Broadly speaking, enterprises and other types of large organisations face a series of data application challenges that can be grouped into two areas: Challenges from the application viewpoint and from the operations perspective.
Whether organisations have data infrastructure systems from the tens or thousands of nodes, most leverage multi system pipelines using Spark, Kafka, Hadoop and NoSQL in a typical multi-tenant fashion wherein they have a multitude of different applications – ETL, Business Intelligence, Machine Learning etc – depending on a common data infrastructure.
Looking after these systems and pipelines are the data operations team, who manage and maintain the platforms, and Engineers/application owners, who are building applications on the data stack (with solutions like Hive, Spark, Tez, Kafka, Oozie etc.).
If a businesses’ data applications get stuck in the doldrums, then these groups need to be able to overcome the challenges keeping them from leveraging their data assets to the maximum.
The developer and data engineer doldrums
Some of the most common application challenges that I hear from people at the forefront of business delivery include:
- When an ad-hoc application (likely submitted via Hive, Spark, Impala etc.) is stuck (not making forward progress) or fails after a while. For example, where a Spark job gets hung at the last task and eventually fails, or where a Spark job fails with executor OOM at a particular stage.
- When an application is performing poorly, suddenly. For example, a hive query that used to take ~6 hours is now taking > 10 hours.
- Not having a good understanding of what ‘gears’ (configuration parameters) to change to improve application performance and resource usage.
- Needing a self-serve platform to understand end-to-end how their specific application(s) behave.
In order to solve these common occurrences engineers end up going to five different sources (e.g CM/Ambari UI, job history UI, application logs, Spark WebUI, AM/RM UI/logs) to get an end-to-end understanding of application behaviour and performance challenges.
However, these sources may not be sufficient to allow them to truly understand the bottlenecks associated with an application (e.g detailed container execution profiles, visibility into the transformations that execute within a Spark stage etc.).
To add to these various challenges, many developers do not have access privileges to systems and have to log tickets with operations teams, which adds to significant delays in solving the issues that they have right now.

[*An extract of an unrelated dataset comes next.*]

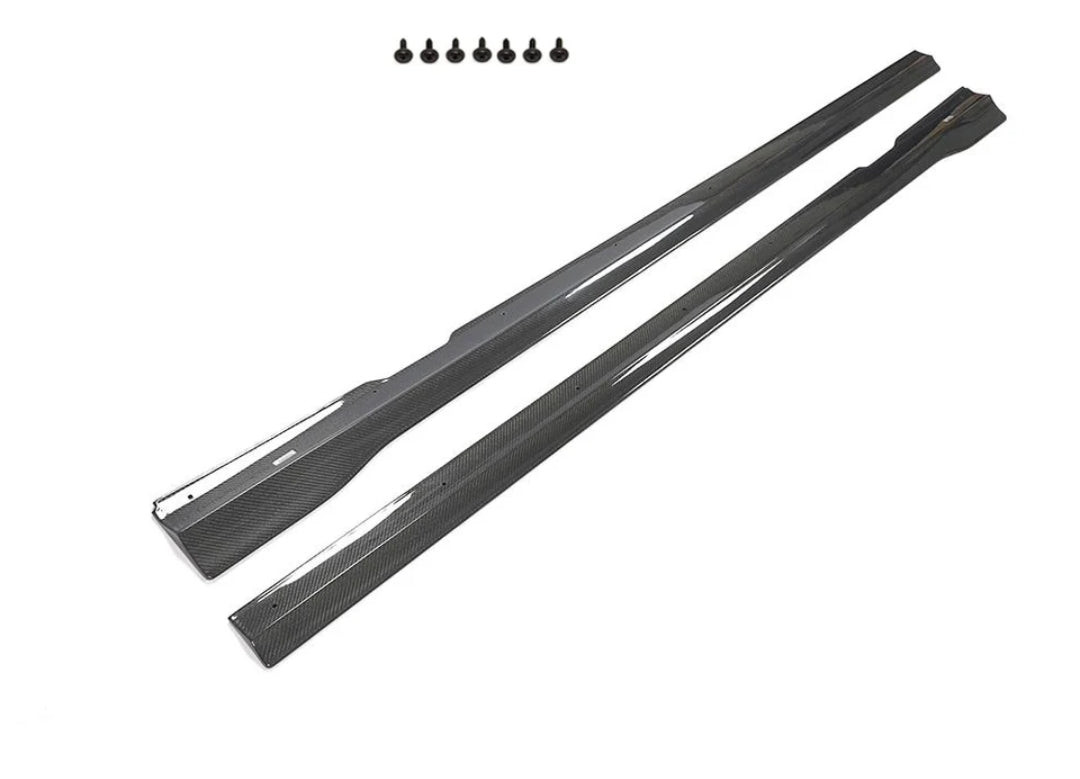 Carbonheld Carbon Fiber Car Side Skirts passend für Mercedes-Benz E Class W213 E43 E53 E63 AMG Sedan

The data operations doldrums
Further common challenges for data operations teams include the following:
- A lack of visibility of cluster usage from an application perspective. For example:
- Which application(s) cause my cluster usage (CPU, memory) to spike?
- Are queues being used optimally?
- Are various data sets actually being used?
- Need a comprehensive chargeback/showback view for planning/budgeting purposes.
- Not having good visibility and understanding when data pipelines miss SLAs: Where does the business start to triage these issues? For example:
- An Oozie orchestrated data pipeline that needs to complete by 4AM every morning is now consistently getting delayed. Completes by 6AM only.
- Unable to control or manage runaway jobs that could end up taking way more resources than needed, affecting the overall cluster and starving other applications.
- How to quickly identify inefficient applications that can be reviewed and acted upon? For example:
- Most operations team members do not have deep Hadoop application expertise. Having a way to quickly triage and understand root-causes around application performance degradation would be helpful.
- A need to track and manage runaway jobs automatically.
These application and operations challenges are real pains that prevent enterprises from making their data applications production ready. This, in turn, slows down the ROI organisations are seeing from their data investments.
What most large organisations are missing is a unified view of their data applications. How they are performing and are they meeting SLAs and cost targets. Without this, there is no magic bullet to improve your data operations, make applications reliable and improve overall system and application delivery efficiency.
To get out of the data doldrums businesses cannot continue doing what was done in the past. Teams need a detailed appreciation of what they are doing today, what gaps they still have, and what steps they can take to improve business outcomes. It’s not uncommon to see 10x or more improvements in root cause analysis and remediation times for customers who are able to gain a deep understanding of the current state of their big data strategy and make a plan for where they need to be.